L'expérience de l'espèce suggère une réponse positive à cette question, même s'il faut faire très attention, car le risque de l’anthropomorphisme guette toujours, même ceux qui s’imaginent étudier le chien de la manière la plus scientifique possible.
Dans le cas des loups, seul le mâle alpha peut tomber « amoureux » au point de quitter sa meute pour suivre sa femelle, alors que le contraire ne se produit jamais : ce phénomène contribue à la survie de l’espèce, car un mâle rejeté est un mâle faible qui ne serait plus en mesure de garantir une progéniture saine et robuste.
Les chiens qui vivent dans la société humaine ne sont cependant pas toujours et uniquement poussés par des motivations utilitaristes ; et je crois pouvoir affirmer sans trop me tromper que les sentiments canins, d’un côté moins conditionnés par l’instinct comparé à ceux du loup, subissent de l’autre l’influence de l’homme en ce qui concerne également les rapports de couple.

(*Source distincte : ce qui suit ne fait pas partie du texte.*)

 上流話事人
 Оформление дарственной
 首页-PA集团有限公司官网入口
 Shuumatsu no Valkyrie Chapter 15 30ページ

Les couples de chiens se forment souvent pour la vie, qu’ils passent littéralement sous le même toit, en partageant chaque instant de la journée, ce qui n’arrive jamais dans une meute de loups. Ce mode de vie, très différent de celui naturel, fait que certains sentiments se sont particulièrement renforcés chez le chien et permet même l’existence de couples canins fidèles, unis par un sentiment beaucoup plus fort que le simple élan sexuel.
L'histoire de Frida
Frida est une chienne qui passa toute son enfance et son adolescence avec un mâle Fritz, qui fut également son premier « mari » : elle refusa ensuite obstinément n’importe quel autre mâle, et manifesta en revanche une entière disponibilité pour de nouvelles rencontres avec Fritz. Puisque les idées de Frida, ne coïncidaient pas avec celles de son maître en matière de partenaire, il tenta une fois d’imposer sa volonté en la forçant (à l’aide d’une muselière) à accepter la saillie qu’il aurait souhaitée.
Résultat : pas le moindre chiot. La chienne demeura vide, comme on dit en langage cynophile, et cela l’a convaincu définitivement de ne plus retenter l’expérience. Dans la mesure où un nouvel accouplement entre Fritz et Frida ne présentait aucun intérêt (à des fins d’élevage), il confia la chienne à un ami proche et se résigna à l’exclure de la reproduction : mais cette dernière avait d’autres projets en tête.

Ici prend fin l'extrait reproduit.